Sauf que trois éléments compliquent la donne: le premier est le scandale récent de corruption au sein du ministère de l’Energie qui irrite au plus haut point à Bruxelles; le second est l’obligation démocratique des Européens qui doivent aussi entendre les oppositions à Zelensky, le troisième est le plan de paix américain en 28 points, qui spécifiait l’organisation d’un scrutin dans les cent jours après un accord de paix. En clair: Zelensky sait que ses interlocuteurs européens réfléchissent aussi à sa succession.
Le rendez-vous est pris pour le 18 décembre. Ce jour-là, les dirigeants des 27 pays membres de l’Union européenne se retrouveront à Bruxelles pour leur dernier Conseil européen de 2025. Objectif: s’entendre sur une solution qui permette d’utiliser – a priori sous forme de garantie pour un prêt – les 200 milliards d’euros d’actifs de la banque centrale russe, gelés au sein de l’organisation de compensation Euroclear.
Pour l’heure, la Belgique, où se trouve cette institution, se refuse à prendre cette responsabilité qui la désignerait comme une cible à la Russie. La dernière proposition en date de la Commission européenne est une garantie communautaire. Tous les Etats de l’UE riposteraient sur le plan financier, si Moscou s’en prenait à la Belgique. Crédible, lorsqu’il s’agira de se répartir les futurs contrats, après la paix?
On a beaucoup débattu de la proposition américaine, non concrétisée, de livrer à l’Ukraine des missiles Tomahawk d’une portée maximale de 2500 kilomètres. Mais quid des Taurus allemands, que les autorités de Kiev réclament depuis au moins deux ans, pour compléter leur arsenal de missiles Scalp français (avec leur équivalent anglais Stormshadow), dont la portée n’excède pas 400 kilomètres?
La vérité est que les Européens ne sont toujours pas prêts à armer l’Ukraine pour des frappes en profondeur contre la Russie, redoutant d’être accusés de faire la guerre. Cette question pose aussi celle de l’OTAN: les Européens voudraient que la porte de l’adhésion de l’Ukraine à l’Alliance atlantique reste ouverte, même si Kiev y renonce. Or les clés de l’OTAN et de ses 32 pays membres restent dans les mains de son premier contributeur: les Etats-Unis.
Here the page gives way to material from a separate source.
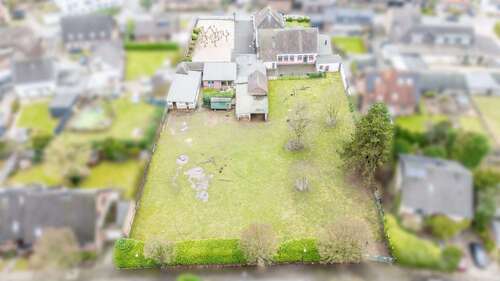 Foto - Grundstück zu verkaufen in Meerbusch-Boesinghoven 2.400.000,00 € 4500 m²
Ce point est le plus politique, et le plus critique aussi. L’horizon de l’adhésion future à l’Union européenne est ce qui motive la plupart des Ukrainiens dans leur résistance à la Russie. Ils regardent vers l’ouest et vers cette Europe avec laquelle leur pays a entamé, le 14 décembre 2023, des négociations d’adhésion, tout comme la Moldavie.
Mais attention: le chemin reste en théorie très long. L’Ukraine doit négocier 35 chapitres, pour parvenir au seuil de l’Union. Et son entrée dans le club pourra alors être bloquée par un seul Etat-membre. La crainte d’un référendum hostile est patente, par exemple en France. L’Ukraine est, de fait, européenne. Elle est encore loin de l’être dans les traités européens, même si une accélération du processus a souvent été évoquée. Avec 2030 en ligne de mire.